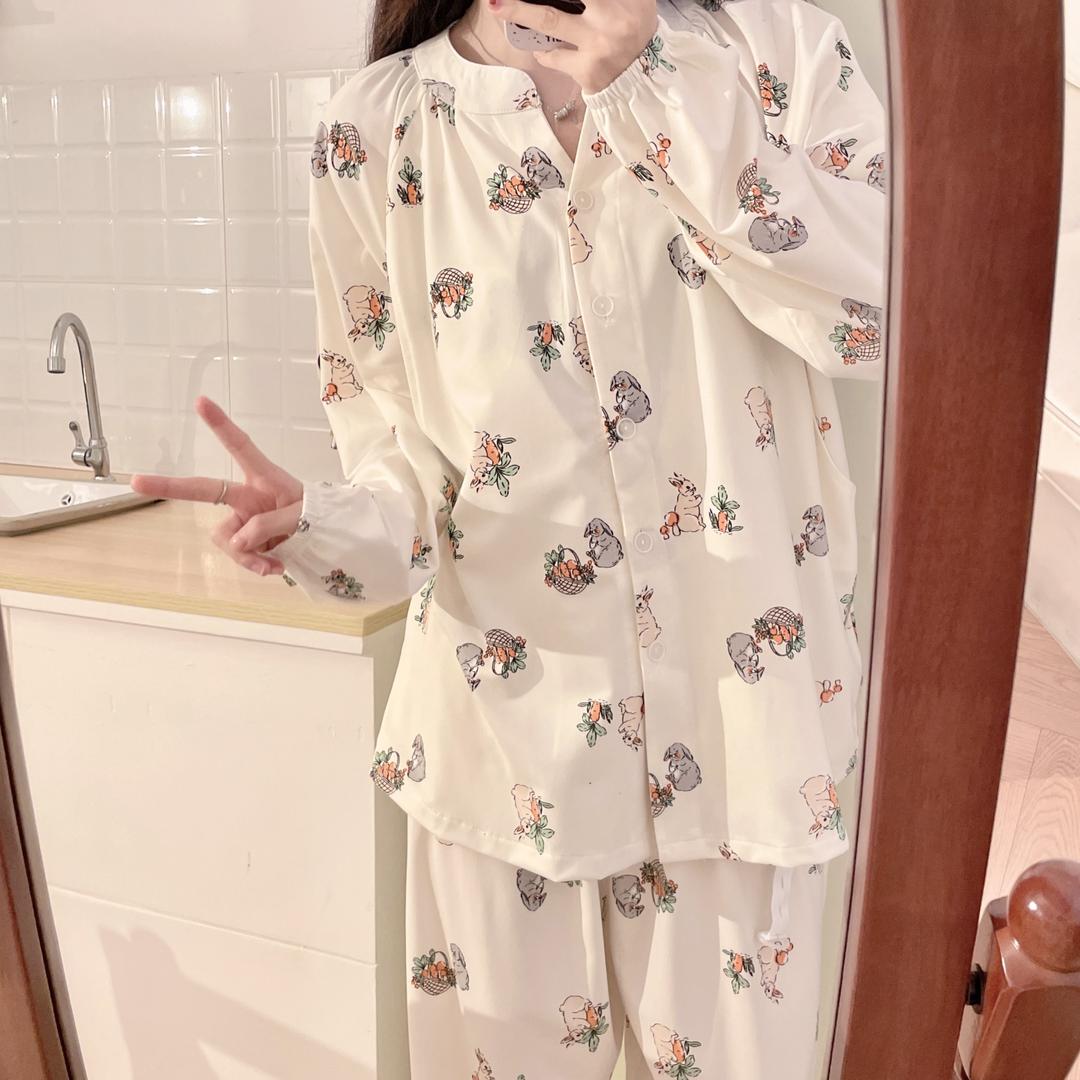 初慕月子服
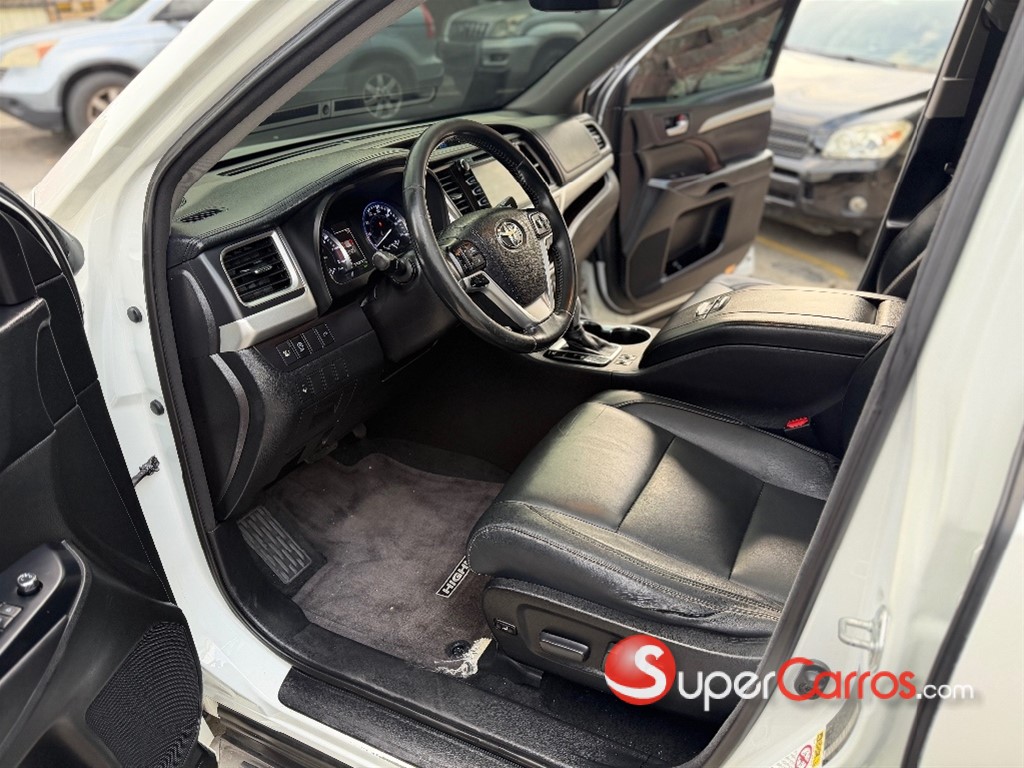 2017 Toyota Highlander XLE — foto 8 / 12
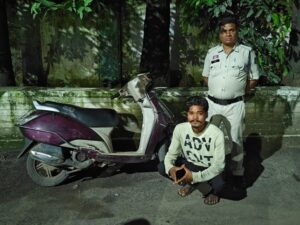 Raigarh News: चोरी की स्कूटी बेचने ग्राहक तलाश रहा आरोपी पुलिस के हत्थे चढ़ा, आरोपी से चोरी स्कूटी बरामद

- **Brief**
What is needed is a word-for-word restatement of the lines from the one holding "2017 Toyota Highlander XLE — foto 8 / 12" to the final line of the data above, inclusive, without any pictures.

- **Solution to this exercise**
 2017 Toyota Highlander XLE — foto 8 / 12
 Raigarh News: चोरी की स्कूटी बेचने ग्राहक तलाश रहा आरोपी पुलिस के हत्थे चढ़ा, आरोपी से चोरी स्कूटी बरामद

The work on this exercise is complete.